ML System Design
2 interview questions in this topic. Expand any question to read the full answer.
“How would you design a recommendation system?”
Answer
Start by pinning down the problem, because "recommend" means different things: what are we optimizing (clicks, watch time, purchases, retention), how big is the catalog, and what's the latency budget? Assume a large catalog and tight latency.
The core architectural idea is a funnel, because scoring millions of items per request is impossible under a latency budget:
- Candidate generation cheaply narrows millions of items to a few hundred, using approximate nearest-neighbor search over embeddings plus collaborative-filtering co-occurrence. Optimized for recall.
- Ranking runs a heavier model over those few hundred, scoring each for this specific user with rich features. Optimized for precision — most of the accuracy comes from here.
- Re-ranking applies business rules: diversity, freshness, and filtering already-seen items.
For the models, combine collaborative filtering (learns from the user-item interaction matrix — "people who liked what you liked also liked X," often via matrix factorization or a two-tower model) with content-based filtering (uses item features, so it can recommend brand-new items). Most real systems are hybrid, which is also the answer to cold start: new users fall back to popularity and context; new items lean on their content features.
For serving, precompute item embeddings offline and do an approximate nearest-neighbor lookup plus a fast ranking pass within tens of milliseconds. Then close the loop by logging impressions and clicks to retrain — adding some exploration so the model doesn't collapse into a self-reinforcing bubble. Evaluate offline (precision@k, recall@k, NDCG) to pick models cheaply, but trust an online A/B test on the real business metric for the final call.

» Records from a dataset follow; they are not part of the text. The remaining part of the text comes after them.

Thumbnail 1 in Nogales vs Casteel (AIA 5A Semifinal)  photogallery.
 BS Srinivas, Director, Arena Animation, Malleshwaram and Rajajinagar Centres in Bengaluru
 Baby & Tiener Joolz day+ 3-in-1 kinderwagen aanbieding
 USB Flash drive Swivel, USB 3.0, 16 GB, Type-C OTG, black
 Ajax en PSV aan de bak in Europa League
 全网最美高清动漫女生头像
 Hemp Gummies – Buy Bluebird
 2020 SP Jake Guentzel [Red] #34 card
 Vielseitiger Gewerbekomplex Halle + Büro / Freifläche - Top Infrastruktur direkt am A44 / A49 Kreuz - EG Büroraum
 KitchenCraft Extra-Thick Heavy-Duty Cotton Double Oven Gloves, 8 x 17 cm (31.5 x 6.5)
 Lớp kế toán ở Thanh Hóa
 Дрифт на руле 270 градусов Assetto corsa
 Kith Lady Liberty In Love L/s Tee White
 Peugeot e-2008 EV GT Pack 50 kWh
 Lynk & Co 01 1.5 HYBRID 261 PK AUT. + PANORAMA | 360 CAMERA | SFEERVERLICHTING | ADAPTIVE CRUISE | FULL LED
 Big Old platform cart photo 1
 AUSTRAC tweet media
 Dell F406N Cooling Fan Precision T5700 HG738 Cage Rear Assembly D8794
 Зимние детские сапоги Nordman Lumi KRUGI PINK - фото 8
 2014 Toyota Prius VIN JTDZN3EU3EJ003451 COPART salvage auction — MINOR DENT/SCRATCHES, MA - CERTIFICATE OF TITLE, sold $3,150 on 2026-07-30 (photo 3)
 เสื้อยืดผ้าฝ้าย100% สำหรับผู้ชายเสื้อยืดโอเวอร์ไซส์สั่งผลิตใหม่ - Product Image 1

💡 Note Candidate generation is a librarian who, in one second, pulls a cart of a few hundred books you might like from a warehouse of millions. Ranking is you then reading the jackets of just that cart to pick the ten you'll check out. You could never read every book in the warehouse — the two stages exist so you don't have to.
Related Questions
“How would you serve an LLM at scale?”
Answer
Begin with why it's hard, because the constraints explain every design choice:
- It's autoregressive. The model emits one token, appends it, and runs again — a 500-token answer is 500 sequential forward passes, so you can't parallelize within one response.
- It's memory-bound. Each decode step reads the model's billions of weights from GPU memory, so the GPU often waits on memory bandwidth, not math.
- Memory is the ceiling. The weights are tens of gigabytes, and the attention KV cache grows with every token of every concurrent request.
Given that, the high-leverage techniques:
- Continuous batching. Swap a finished sequence out and a new request in every step so the GPU never idles — usually the single biggest throughput win.
- KV cache + paged attention. Cache the keys and values of past tokens so you don't recompute them; paged attention (vLLM) stores that cache in fixed pages like virtual memory, so you fit far more concurrent requests.
- Quantization. Serve weights in 8-bit or 4-bit instead of 16-bit to roughly halve or quarter the memory, fitting the model on cheaper GPUs with minimal quality loss. Tensor/model parallelism splits a model too big for one GPU across several.
On the product side: stream tokens so first words appear in ~200 ms (which is why time-to-first-token and tokens-per-second are tracked separately), add a semantic cache for repeated queries to skip the GPU, put a gateway in front for auth and rate limiting, and autoscale on queue depth with a fallback to a smaller model under overload. Since GPUs dominate the bill, the real objective is usually throughput-per-dollar, not just raw latency.
💡 Note Serving an LLM is running a busy restaurant kitchen. Continuous batching is a chef who starts the next order the instant a plate goes out, instead of cooking in rigid group seatings. The KV cache is keeping each table's prepped ingredients on the counter so you're not chopping from scratch every course. Quantization is using a more compact pantry so you can cook more dishes at once.